L’erreur de l’entreprise où le CA global dépasse les 100 % de son contenu !

C’est peut-être une erreur d’écriture, qui n’a pas été relevée même par les fins limiers du CMF qui ont obligation de passer le document du prospectus au crible fin tout comme la société d’intermédiation qui a fait et validé le prospectus, mais on remarque, selon le tableau ci-dessous, que la structure du chiffre d’affaires proposé, dépasse les 100 % de son total. En calculant les différentes recettes, on aboutit à un total de … 101,67 % !

– Un DG à 100.000 DT, ancien membre du CA de Tunisair et ancien ministre du transport !

Ces remarques ne sont malheureusement pas les seuls points noirs. Un point important reste la direction de Syphax Airlines qui ne semble pas respecter les lois en vigueur. La loi n° 98-33 du 23 mai 1998 modifiant et complétant quelques articles du code pénal, est claire. Il interdit aux fonctionnaires publics, même lorsqu’ils ont été mis en retraite, de diriger des entreprises privées exerçant dans le même secteur d’activité, avant l’expiration d’un délai de cinq ans depuis la cessation définitive de leurs fonctions. En face, il est stipulé, dans une publication officielle de la compagnie aérienne Syphax Airlines et relative à son introduction en bourse, que Salem Miladi est «administrateur délégué chargé de la direction générale». Miladi a été ministre du transport. Il y était entré en date du 1er juillet 2011 et en était sorti en décembre 2011 à la date d l’entrée en exercice du gouvernement de Hammadi Jbali. Il est aussi indiqué, dans le dernier communiqué de Syphax Airlines, que cette société a été constituée, le 27 septembre 2011, et que «Le 10 septembre 2011, le conseil national de l’aviation civile s’est réuni. Trois jours plus tard, le ministre du Transport a délivré l’accord de principe pour la création de la compagnie qui a eu lieu le 27 septembre 2011».
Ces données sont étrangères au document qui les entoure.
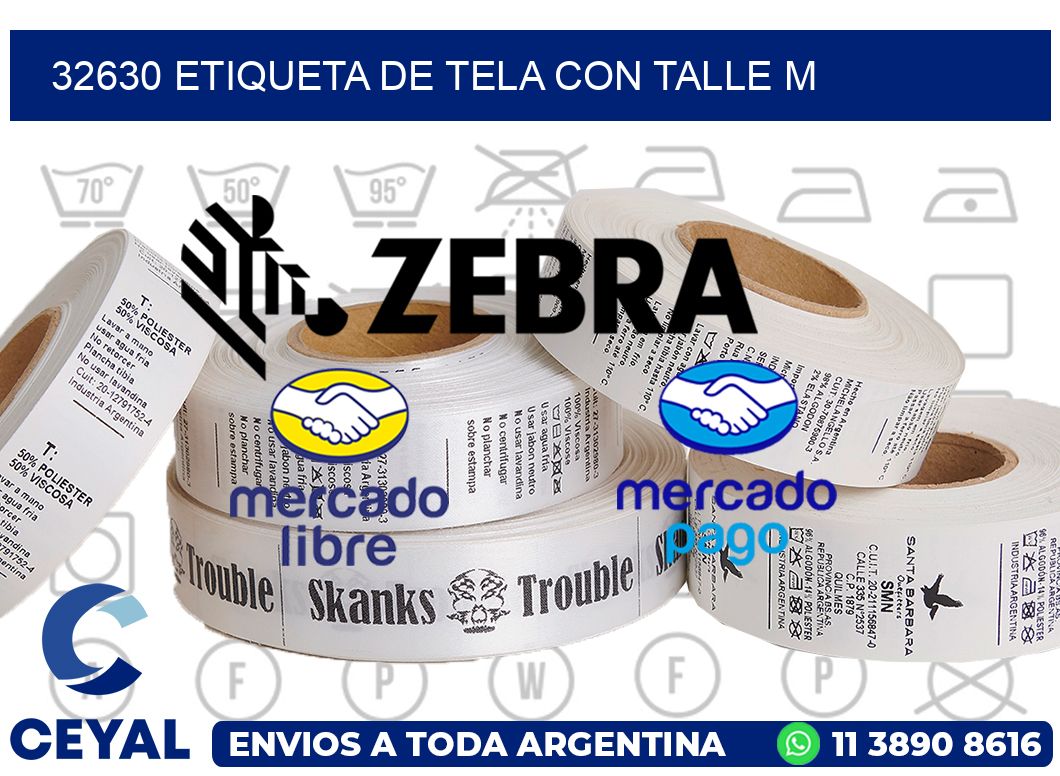 32630 ETIQUETA DE TELA CON TALLE M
Il est donc clair et vérifiable que l’autorisation pour la création de la compagnie Syphax, sur la base du dossier présenté au ministère, a été signée par Salem Miladi qui en est devenu quelques mois plus tard le directeur général. Il est aussi, un fait, qu’à partir du mois de septembre et jusqu’à décembre 2011, Syphax était assujettie au contrôle du ministre du transport qu’était Salem Miladi.
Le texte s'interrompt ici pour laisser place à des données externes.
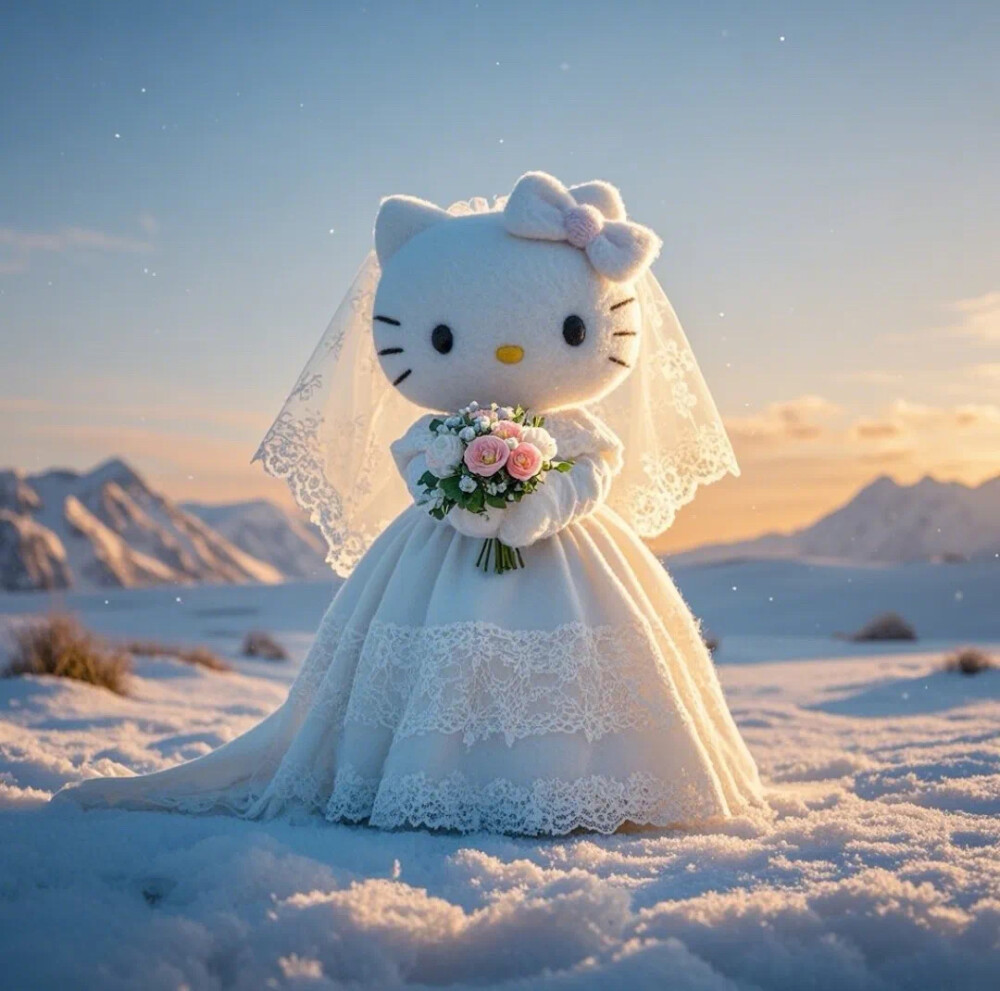 Hello Kitty头像 微信头像 QQ头像 毛毡 公仔 软绵绵 超级可爱 新娘 婚纱 捧花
A propos de cette remarque concernant la DG de Syphax, nous avons contacté la direction de la BVMT qui nous a dit qu’elle n’est pas habilitée à la relever. Le CMF, quant à lui, nous répond qu’il va «demander à Syphax de nommer un autre DG !».

Il est tout aussi important de signaler que, bien avant lui, un autre ancien ministre du transport avait travaillé chez une autre compagnie privée tunisienne. Bien plus important et bien que l’actuel ministre du transport le sache sciemment, d’anciens hauts cadres de son ministère travaillent actuellement chez la compagnie turque Tav Tunisie. D’autres hauts cadres de l’OACA aussi, mais cela ne semble déranger personne. Alors pourquoi pas Miladi, d’autant qu’il pourrait rendre d’éminents services à Syphax dans sa lutte face au reste de la flotte tunisienne.
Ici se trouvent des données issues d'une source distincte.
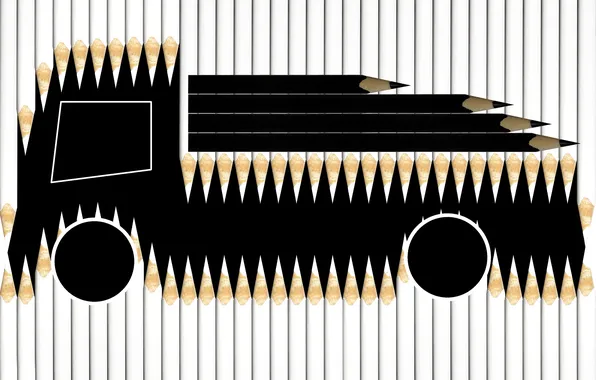 Картинка карандаши, грузовик, logging truck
Pour la petite histoire, enfin, «le conseil d’administration (de Syphax) a approuvé l’attribution d’une rémunération annuelle nette de 180 000 DT à Mohamed Frikha en sa qualité de PDG, et ce à compter du 1er janvier 2012. En outre, M. Frikha a droit à une couverture sociale ( régime indépendant), à une assurance groupe conformément aux procédures internes en vigueur, au remboursement de ses frais de représentation, de déplacement, de téléphone et de tous frais engagés pour le compte de la société. Le même CA a approuvé l’attribution d’une rémunération annuelle nette de 100 000 DT à Salem Miladi en sa qualité d’administrateur délégué chargé de la direction générale de la société, et ce à compter du 2 juillet 2012. On remarquera la date d’entrée en fonction de Miladi est du 5.10.2012. Il est donc payé, 3 mois avant son entrée en fonction.